Жауме Кабре - Я исповедуюсь
– Из-за этого наговора я получил пять лет каторжных работ за то, что служил своей родине во время войны.
– Войны против экспансии коммунизма.
– Войны против экспансии коммунизма, вот-вот!
– И что вы собираетесь делать теперь?
– Разыскать его.
– Хватит крови! – с пафосом произнес отец Морлен. – Имейте в виду, что хотя Ардевол – человек ненадежный и причинил вам ущерб, он остается моим другом.
– Я лишь хочу получить назад свою скрипку.
– Я сказал, хватит крови.

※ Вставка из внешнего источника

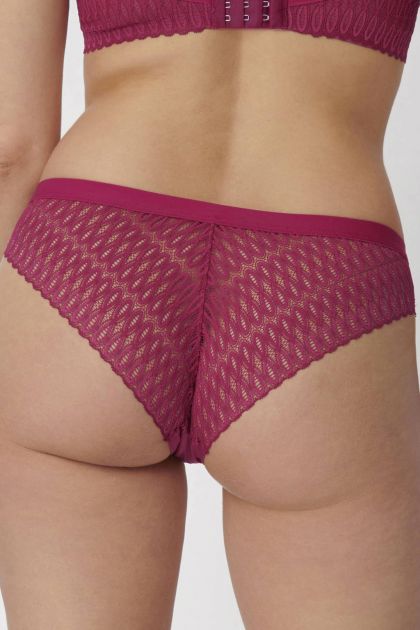 Triumph Slip Aura Spotlight Brazilian rood 36 -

Или вам объяснить по-другому?
– С его головы волоска не упадет. Клянусь вам в этом.
Как будто эти слова были полной гарантией его хорошего поведения, отец Морлен кивнул в знак согласия, достал из кармана брюк сложенный пополам листок и протянул его герру Циммерманну. Тот развернул его, поднес поближе к свече, быстро проглядел, свернул и убрал себе в карман.
– Ну хоть не зря приехал. – Он достал платок и промокнул лицо, говоря: ссучья жара, не понимаю, как можно жить в этой стране.

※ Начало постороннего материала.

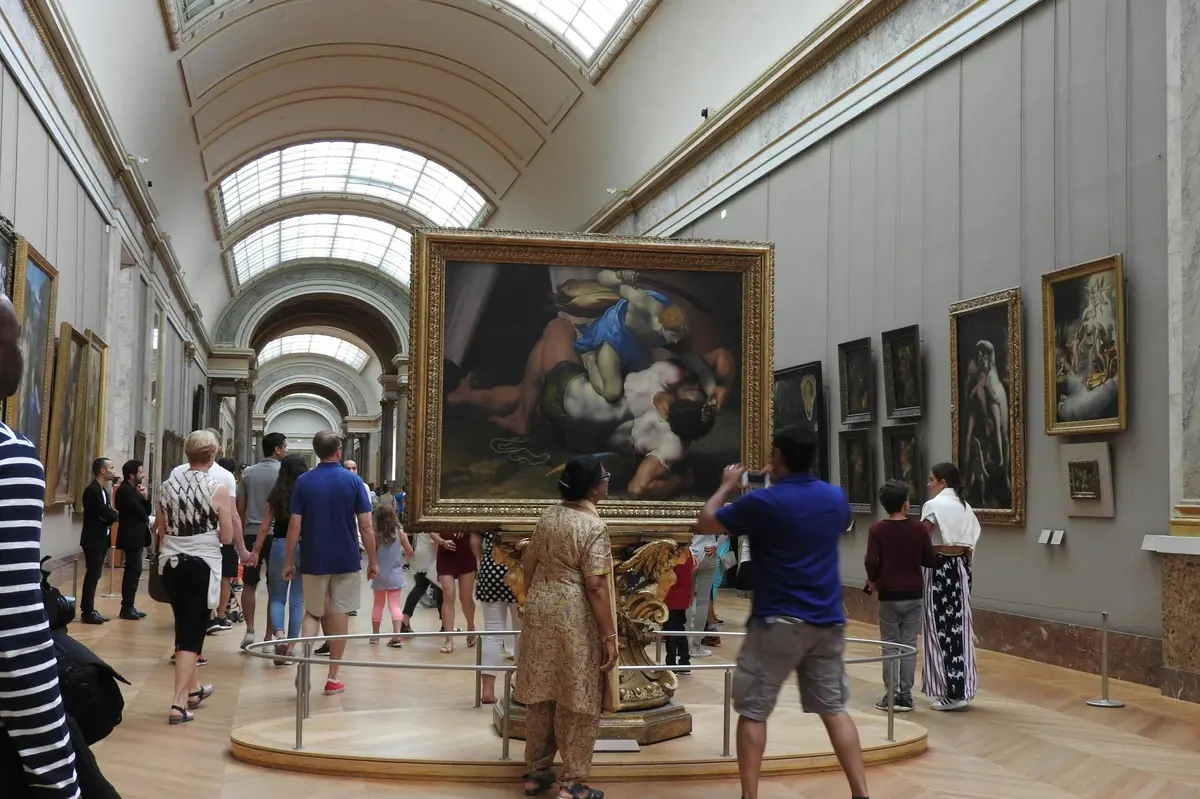 Clients à l'intérieur du Louvre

– Чем вы зарабатывали на жизнь, после того как вышли из тюрьмы?
– Психиатрией, разумеется.
– А…
– А вы что делаете в Дамаске?
– Я тут по делам ордена. В конце месяца возвращаюсь в монастырь Святой Сабины.
Отец Морлен, разумеется, не сказал, что пытается воскресить благородный институт шпионажа, который монсеньор Бениньи основал много лет назад и вынужден был упразднить из-за недальновидности ватиканских властей: те не замечали, что единственной реальной опасностью был коммунизм, ныне способный уничтожить всю Европу. Не сказал он и о том, что завтра исполняется сорок семь лет с тех пор, как он вступил в орден доминиканцев со священным и несокрушимым намерением служить Церкви и, если нужно, отдать ей свою жизнь. Вот уже сорок семь лет, как он попросил дозволения вступить в доминиканский монастырь в Льеже. Феликс Морлен родился зимой 1320 года в городе Жироне, где он и вырос в атмосфере ревностной набожности в семье, которая ежедневно, закончив труды праведные, собиралась на молитву. А потому никого не удивило, что юноша решил вступить в только набиравший силу орден доминиканцев. Он учился на медицинском факультете в Вене и в двадцать один год вступил в Национал-социалистическую партию Австрии под именем Али Бахра. Он готов был пройти школу, которая сделала бы из него хорошего кади или муфтия, и следовал образчикам мудрости, здравомыслия и справедливости, преподносимым его учителями. Вскоре он вступил в войска СС, личный номер 367.744, некоторое время сражался с врагом в Бухенвальде под началом доктора Эйзеле, а затем 8 октября 1941 года был назначен главным врачом опасного фронта борьбы в Аушвице-Биркенау, где самоотверженно работал на благо человечества. Непонятый, доктор Фойгт вынужден был бежать и скрываться под чужими именами – Циммерманн или Фаленьями, а теперь он терпеливо ждет момента, когда все вернется на круги своя, Земля снова станет плоской, шариат распространится по всему миру и только избранные будут иметь право жить во имя Милосерднейшего. Тогда пределы мира покроются таинственным туманом и мы сможем вновь управлять и этой тайной, и теми, которые из нее проистекают. Да будет так!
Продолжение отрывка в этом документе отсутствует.